The following is the first in a multi-part series on former Speaker Newt Gingrich’s speech to the Values Voter Summit
Presidential candidate Newt Gingrich just completed one of the most radical speeches ever delivered by a presidential candidate on the judiciary. Gingrich’s speech calls for a radical reshaping of our constitutional democracy, eliminating the judiciary’s power to make binding constitutional decisions. He promises to openly defy Supreme Court decisions he disagrees with, and pledges to intimidate judges who dare to part ways with the Constitution According To Newt.

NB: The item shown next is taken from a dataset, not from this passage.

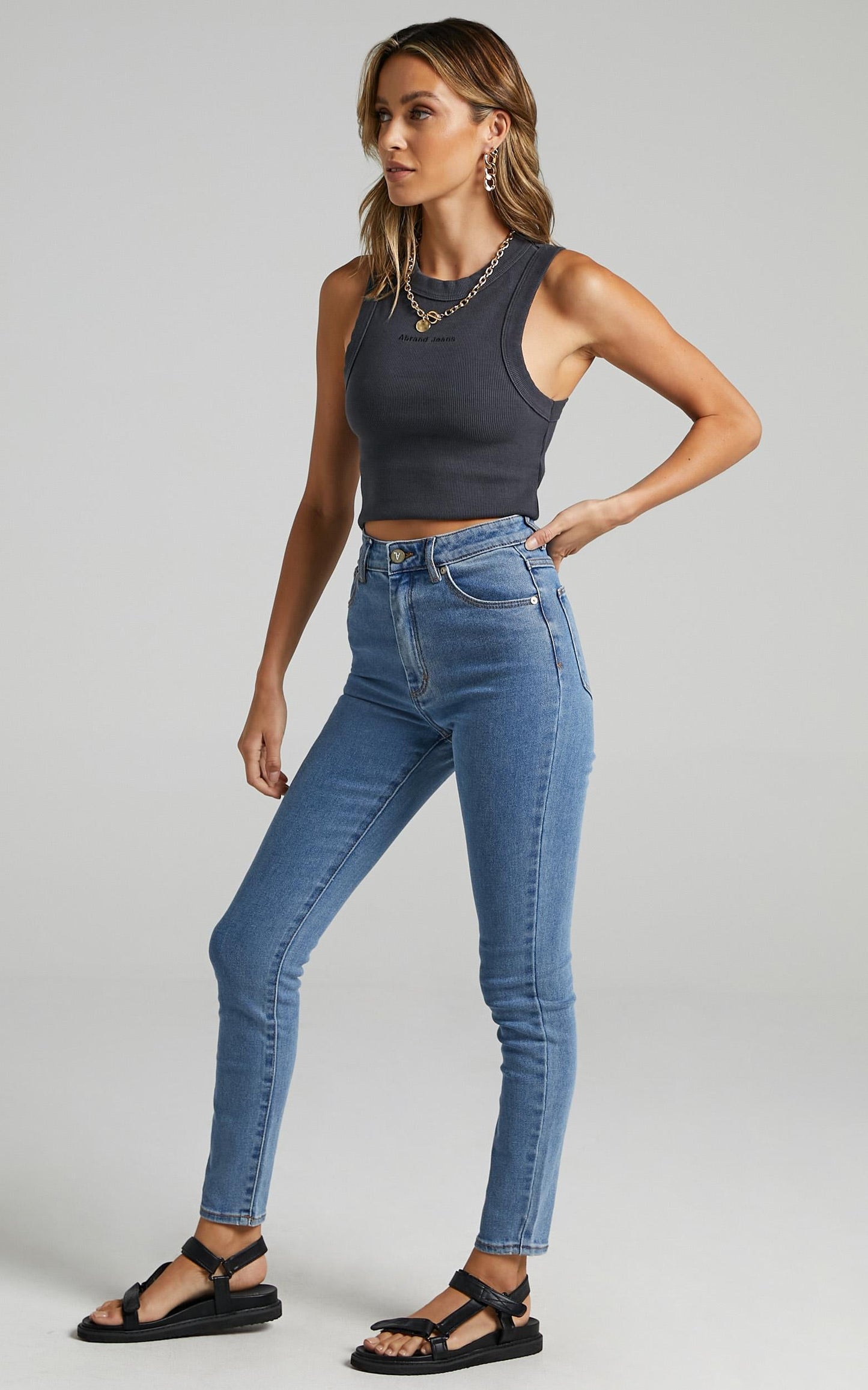 Abrand - A High Skinny Ankle Basher Jean in La Blues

Newt begins his speech with a rant about an unspecified 1958 Supreme Court decision which, he claims, wrongly created a doctrine of “judiciary supremacy”:
Imagine that, by a 5-4 vote, the Supreme Court decided that 2+2=5. Under the current theory, which the Warren Court promulgated in 1958, the only effective recourse would be either a) to get a future Supreme Court to reverse them, or b) to pass a constitutional amendment declaring 2+2=4. . . . This is an absurdity, foisted on us in 1958 by an historic lie. There is no judicial supremacy, it does not exist in the American Constitution.

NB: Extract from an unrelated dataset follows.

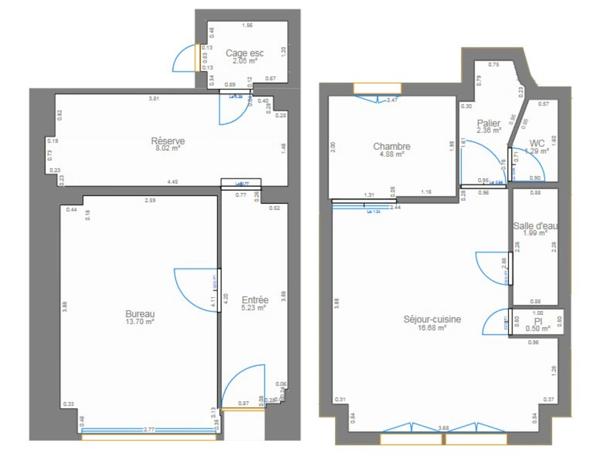 Notre dame de lorette : local commercial de 56m² sur 2 niveaux à vendre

What Gingrich labels “judicial supremacy” is merely the Supreme Court’s authority to be the final word on constitutional interpretation, and this authority was recognized long before 1958. Indeed, it was first announced by the Supreme Court’s landmark 1803 decision in Marbury v. Madison‘s declaration that “[i]t is emphatically the duty of the Judicial Department to say what the law is.” By questioning Marbury, Gingrich questions the very foundation of constitutional governance. If an independent judiciary cannot issue binding constitutional rulings, then the Constitution as a whole is meaningless because the only thing enforcing it is the willingness of government officials to comply with it completely voluntarily.
Additionally, Gingrich’s bizarre citation to the year 1958 turns out to be very revealing of what America would look like under Gingrich’s impotent Constitution.
A white paper published on Gingrich’s campaign website names Cooper v. Aaron as the 1958 case Gingrich finds so very offensive. In Cooper, Arkansas’ governor and state legislature decreed that the state was not bound by Brown v. Board of Education, and pledged to resist efforts to desegregate public schools. Eventually, they even called out the Arkansas National Guard to keep African-Americans from entering Little Rock’s Central High School. In a rare unanimous opinion signed by every single justice, Cooper held that lawmakers have no right to openly defy the Constitution in this manner:
[W]e should answer the premise of the actions of the Governor and Legislature that they are not bound by our holding in the Brown case. It is necessary only to recall some basic constitutional propositions which are settled doctrine.
Article VI of the Constitution makes the Constitution the “supreme Law of the Land.” In 1803, Chief Justice Marshall, speaking for a unanimous Court, referring to the Constitution as “the fundamental and paramount law of the nation,” declared in the notable case of Marbury v. Madison that “It is emphatically the province and duty of the judicial department to say what the law is.” This decision declared the basic principle that the federal judiciary is supreme in the exposition of the law of the Constitution, and that principle has ever since been respected by this Court and the Country as a permanent and indispensable feature of our constitutional system. . . . Every state legislator and executive and judicial officer is solemnly committed by oath taken pursuant to Art. VI, cl. 3, “to support this Constitution.”
So when Gingrich lashes out against what he calls “judicial supremacy,” it is important understand exactly what he is saying. Newt believes that the governor of Arkansas was right, and the Supreme Court was wrong, about who had the last word in deciding whether African-American children can attend integrated schools.